# Gaggia Classic Brew Temperature Graph



## Krax

I thought this might be of interest to some. Having the test equipment required, I decided to log the boiler and portafilter temperatures in my classic during a 30 second shot. I wanted to see the approximate brew temperature (as measured below the puck)

The boiler temperature was measured using a calibrated thermocouple taped onto the outside of the boiler just below the thermostat and insulated from external influence.

I switched the classic on 40 minutes beforehand and flushed the grouphead beforehand to bring the boiler heater back on. I then started the shot as soon as the brew lamp went back off.

As can be seen, the portafilter temperature seems a bit too low. I can see why some recommend operating the steam switch briefly before the shot to increase the boiler temperature a couple of degrees.

It also helps justify the PID mod.


----------



## Jim bean

Nice one krax fitting a PID has been the best thing Ive done to my classic


----------



## Bigpikle

This might be a time to ask the newbie question about exactly what a PID is going to achieve on a Classic? If I'm temp surfing what does it add?


----------



## Jim bean

Hi bigpickle the PID controls the boiler to a set temp and holds it eg 93c

with out the PID the boiler cycles going off the blue line on kraxs graph between 84c and 98c

so it takes all the guess work out of temp surfing I tried temp surfing for a while but after fitting the PID the consistency in the coffee was excellent and would say a PID is a must upgrade on the classic

cheers james


----------



## charris

Krax said:


> It also helps justify the PID mod.





> Nice one krax fitting a PID has been the best thing Ive done to my classic


Agree that the PID is very useful. I have doubts though that it helps the temperature DURING a shot though.

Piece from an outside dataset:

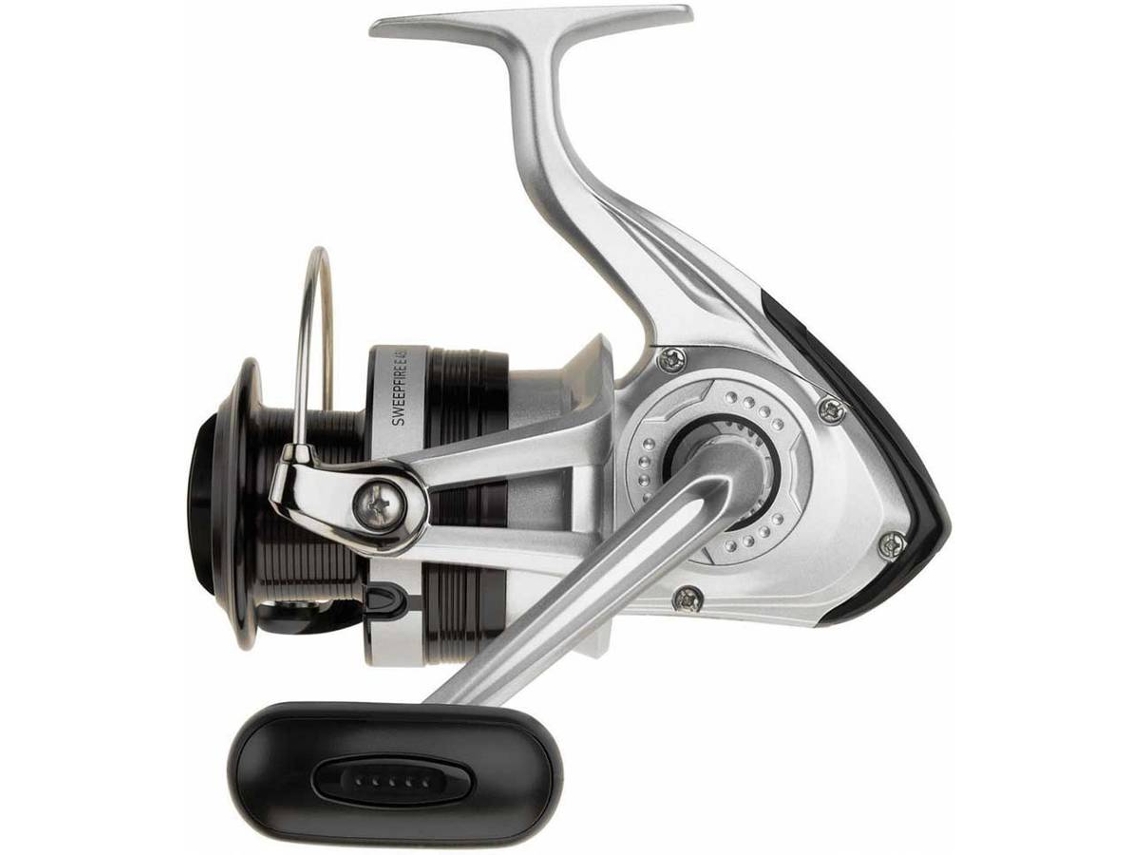 Carrete DAIWA Molinete Sweepfire E C Plata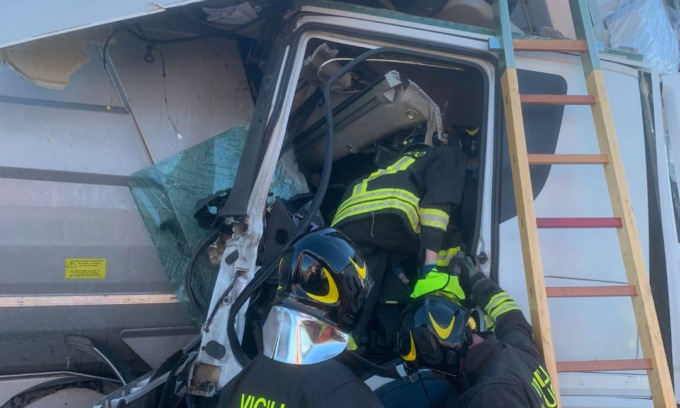 Le foto dello schianto in autostrada fra tre mezzi pesanti: un ferito grave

What it does it allows you to "see" that you are in the correct temperature to start your shot (or your steaming).

By monitoring the temp you learn to your machine better i.e the classic needs a lot of time to come down to brew temp after steaming and this is not evident at all without a PID. Another observation is during the first flush (after the machine has been of on for some time) the temp drops amazingly fast (that's why the flush is needed) and then you have to wait for a minute or so to get to the correct temp. More examples like these are easily evident when you have a PID so you learn much more about your machine and at the end your process improves.

Since then graph though is about the temp during the shot I am not sure that the PID can help much.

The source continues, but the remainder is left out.